* **PROBLEM DETAILS**: Print the listing exactly as it stands. Skip every picture.

* **INFORMATION PROVIDED**:
_ _ _ _ _

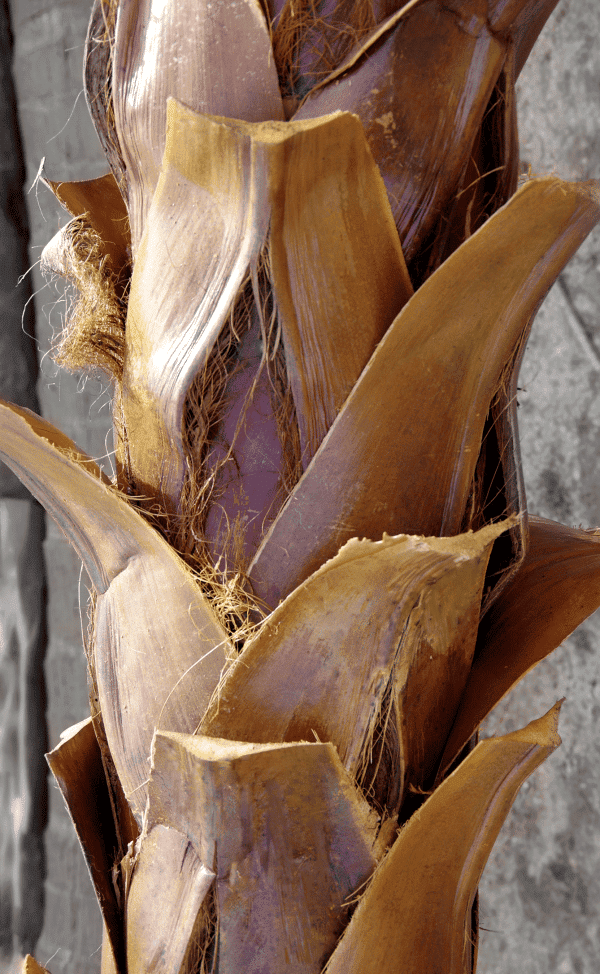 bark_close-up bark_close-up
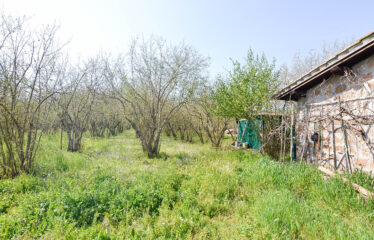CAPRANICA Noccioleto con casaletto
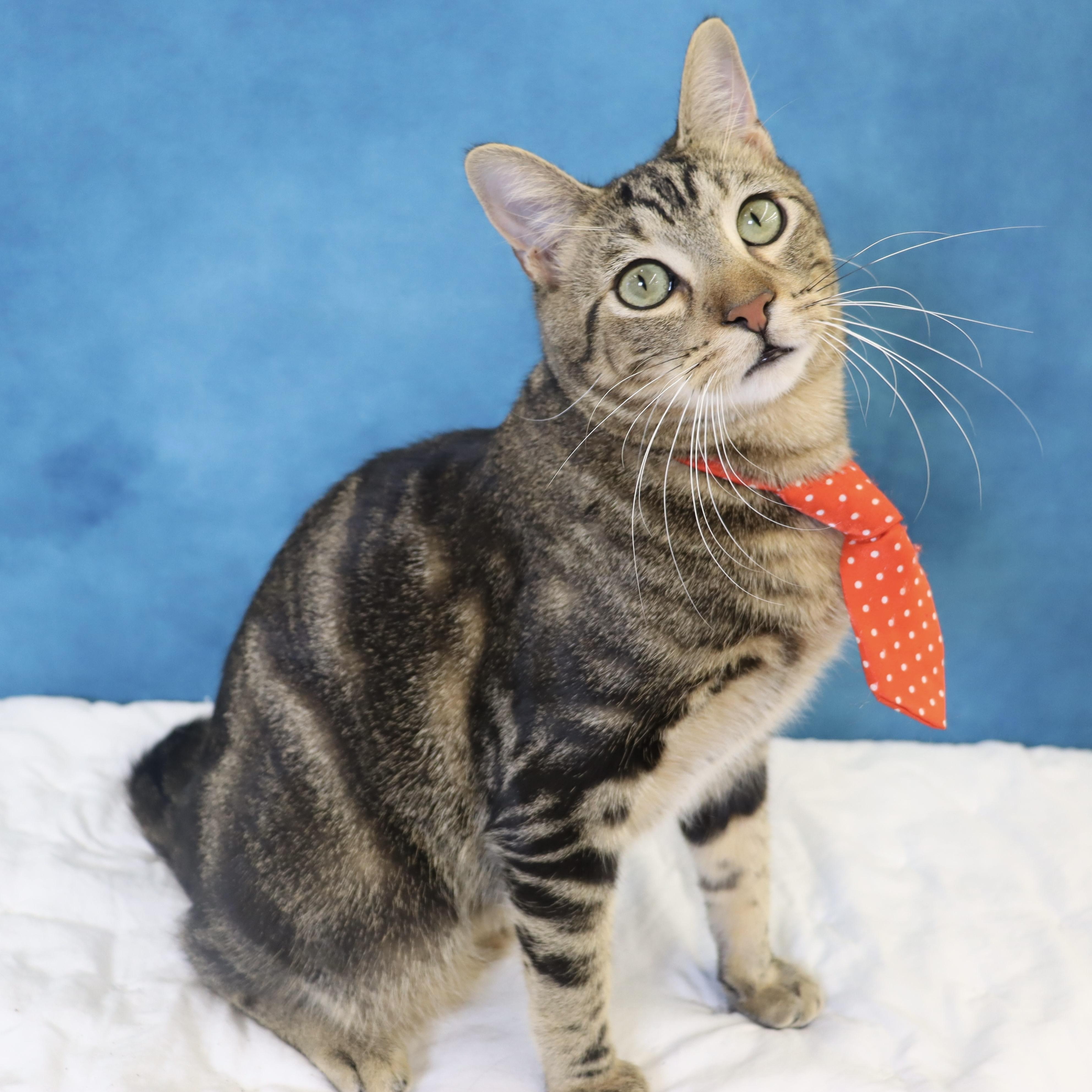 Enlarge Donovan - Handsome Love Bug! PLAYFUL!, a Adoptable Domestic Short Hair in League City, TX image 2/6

_ _ _ _ _

* **COMPLETED EXERCISE**:
 bark_close-up bark_close-up
CAPRANICA Noccioleto con casaletto
 Enlarge Donovan - Handsome Love Bug! PLAYFUL!, a Adoptable Domestic Short Hair in League City, TX image 2/6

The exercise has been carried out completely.